* _Requirement_
Go to the line holding "Tuinbank 3-zits met" in the data below. Return it and each line after it through the last, exactly, and skip the pictures.

* _Task inputs_

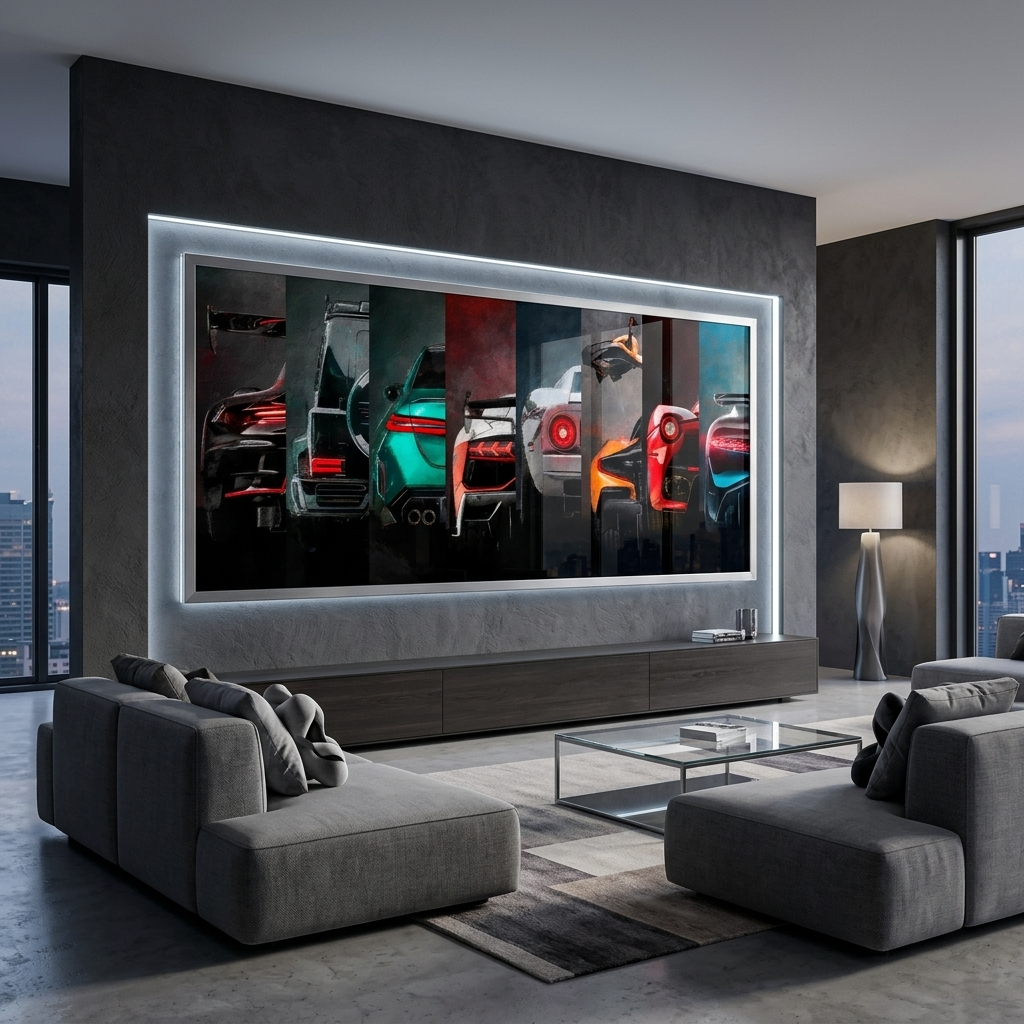 СAR BACKSIDE Canvas Wall Art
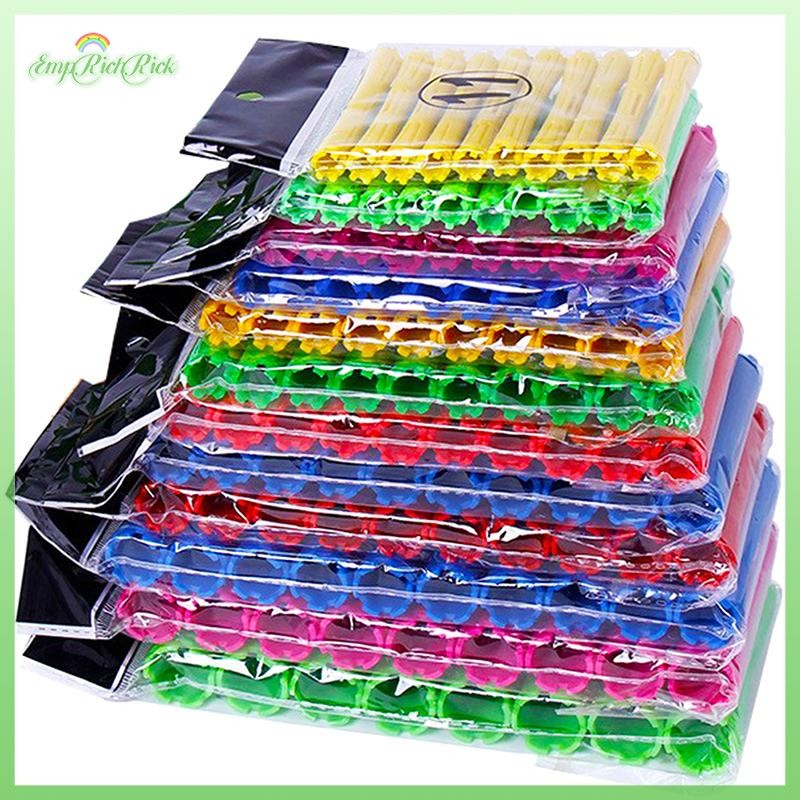 ขายร้อน 1 ชุด 11 ขนาดแกนดัดผมชุดเย็นถาวรบาร์พลาสติกดัดผมม้วนใหม่
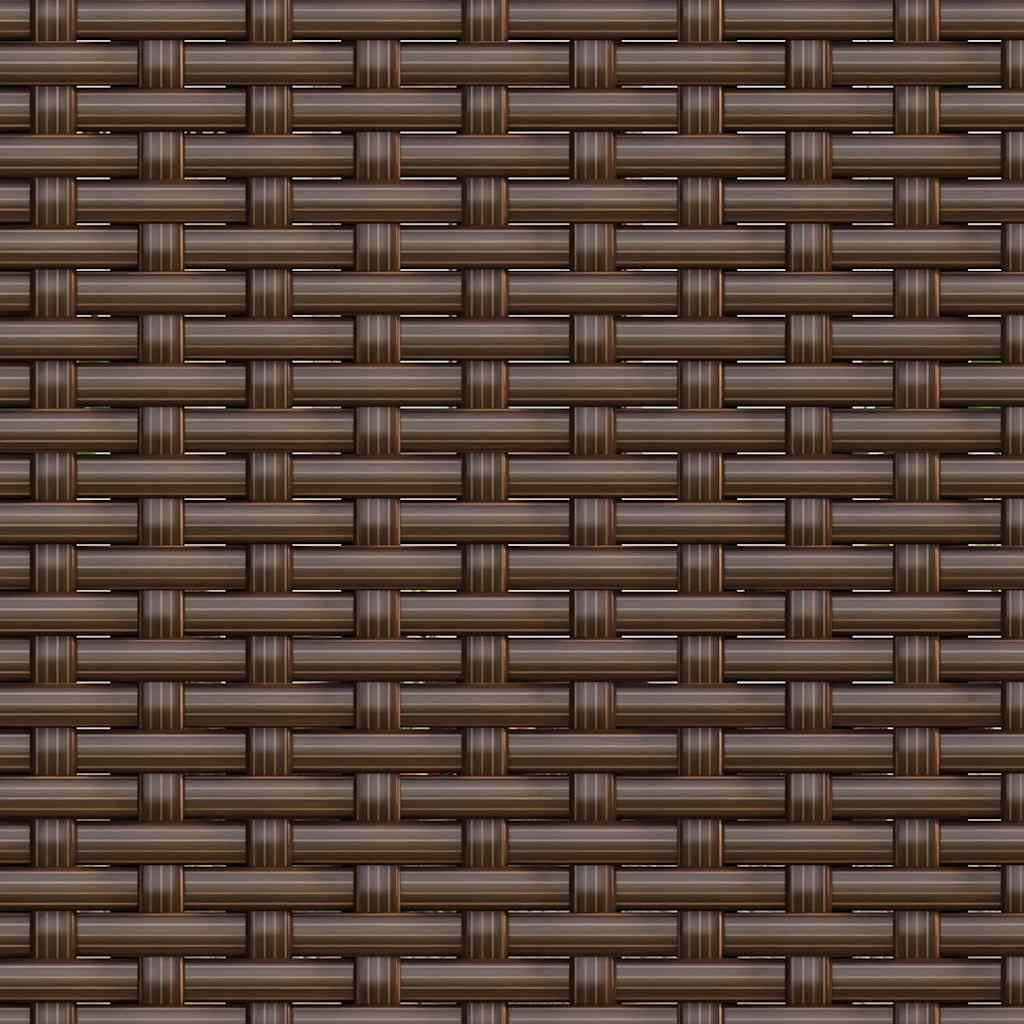 Tuinbank 3-zits met kussens poly rattan bruin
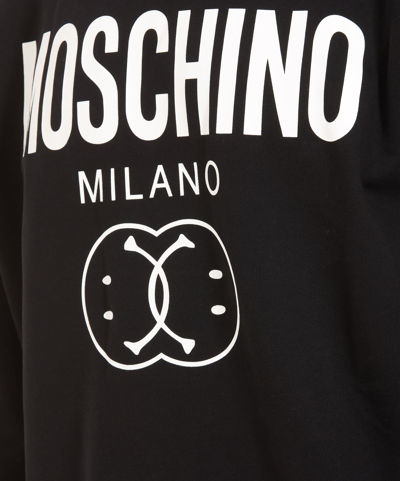 Shop Moschino Smiley Logo Sweatshirt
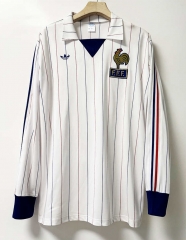 1980-82 France Away White Thailand Soccer Jersey AAA-9755
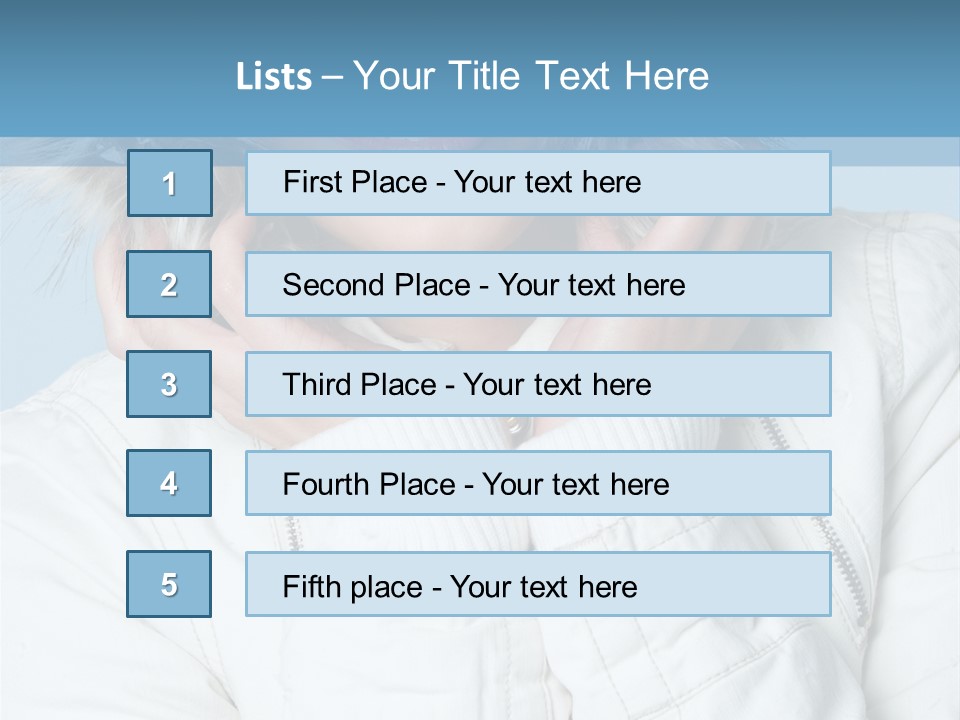 Winter Skin Care PowerPoint Template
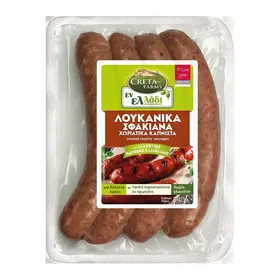 Χωριάτικα λουκάνικα Σφακιανά CRETA FARMS 340gr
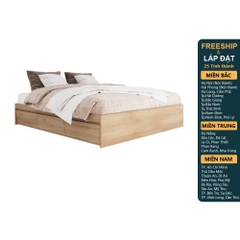 ELIK, Giường ngủ 3 hộc tủ kéo BED_174, 203x35cm, sản xuất bởi Scandi Home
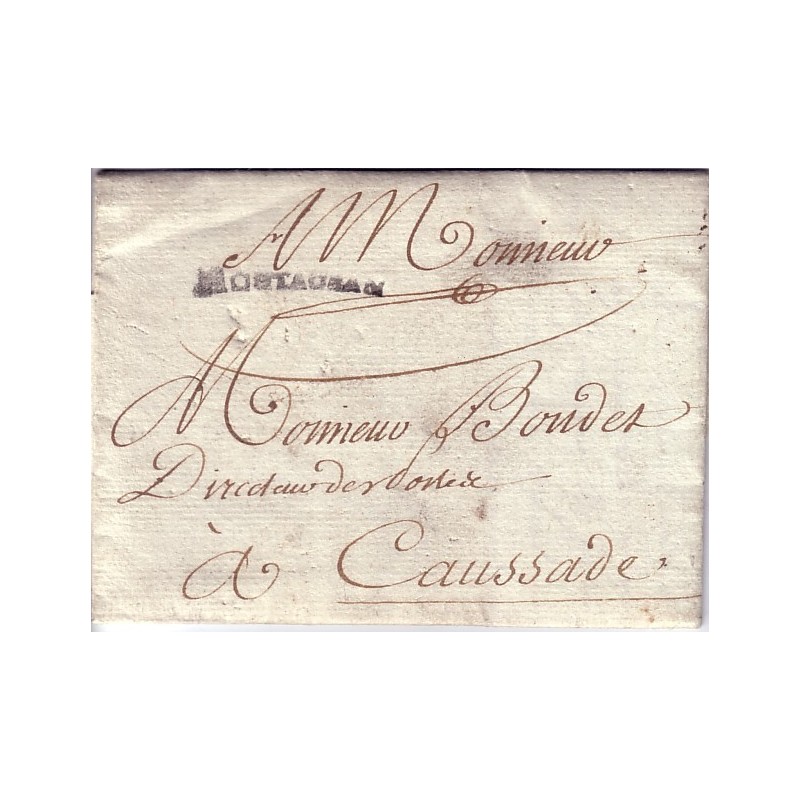 TARN ET GARONNE - MONTAUBAN POUR CAUSSADE 19-10-1783.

* _Written reply_
 Tuinbank 3-zits met kussens poly rattan bruin
 Shop Moschino Smiley Logo Sweatshirt
 1980-82 France Away White Thailand Soccer Jersey AAA-9755
 Winter Skin Care PowerPoint Template
 Χωριάτικα λουκάνικα Σφακιανά CRETA FARMS 340gr
 ELIK, Giường ngủ 3 hộc tủ kéo BED_174, 203x35cm, sản xuất bởi Scandi Home
 TARN ET GARONNE - MONTAUBAN POUR CAUSSADE 19-10-1783.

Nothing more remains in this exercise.